Some Jackson State students were outraged by the diminishment of the Voting Rights Act.
Nicole Williams, a junior theater major from Jackson, Miss said “I think the government does not have real laws. All of the laws are biased because if they can set them 30 or 40 years later, then take them away, they’re purposeless. But as far as taking way the privileges of voting rights, what did they fight for? It’s going to be hard to fight back because the mentality is not the same as how it was in the 60s, especially in Black America.”
Micky Nickson, a senior political science/theater major from Memphis, Tenn. said, “I find it to be ridiculous, mainly because our right to vote as a race was not an inalienable right. It was brought to us because our ancestors actually had to fight for it. So for [the Supreme Court] to attempt to take it away, it puts all of the fighting that our ancestors have suffered and died for in vain. That gives us as Americans a reason to challenge to government.
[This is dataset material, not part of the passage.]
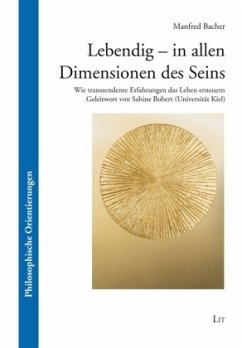 Lebendig - in allen Dimensionen des Seins - Bacher, Manfred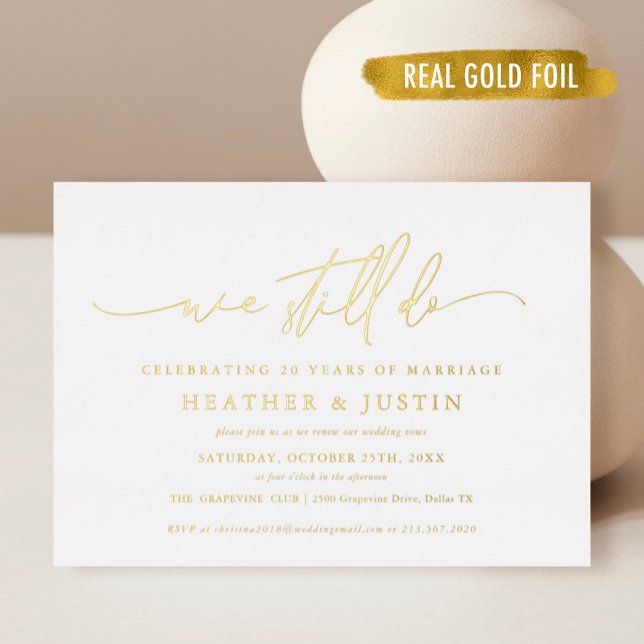 Gold Foil We Still Do Wedding Vow Renewal  (Creator Uploaded)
Sheneka Bankston, a graduate student of sociology from Jackson, Miss said “In my opinion, Section 4 of the voting rights act of 1965 infringes on the rights and privileges of minority voters based on their education and level of the English language with testing mainly in Southern states. The equality and opportunities of voters are challenged where the lack of education and knowledge of the voting process is examined for equal rights and privileges which date back to the Jim Crow Laws on a social, economical and political arena.”
She adds “It is also shocking as a minority voter to research that the Supreme Court Justice who represent the state of Mississippi voted in favor of a Bill that is a measurement of Voter Suppression. As a Mississippian, I understand how fellow peers and educated Mississippians relocate to other states that empower cultural and diversity with laws of government that are not used to hinder the due process of elections.”
As of the time this article was written, according to the court transcripts, Congress has since been asked to create a new formula in based on the conditions of today’s society.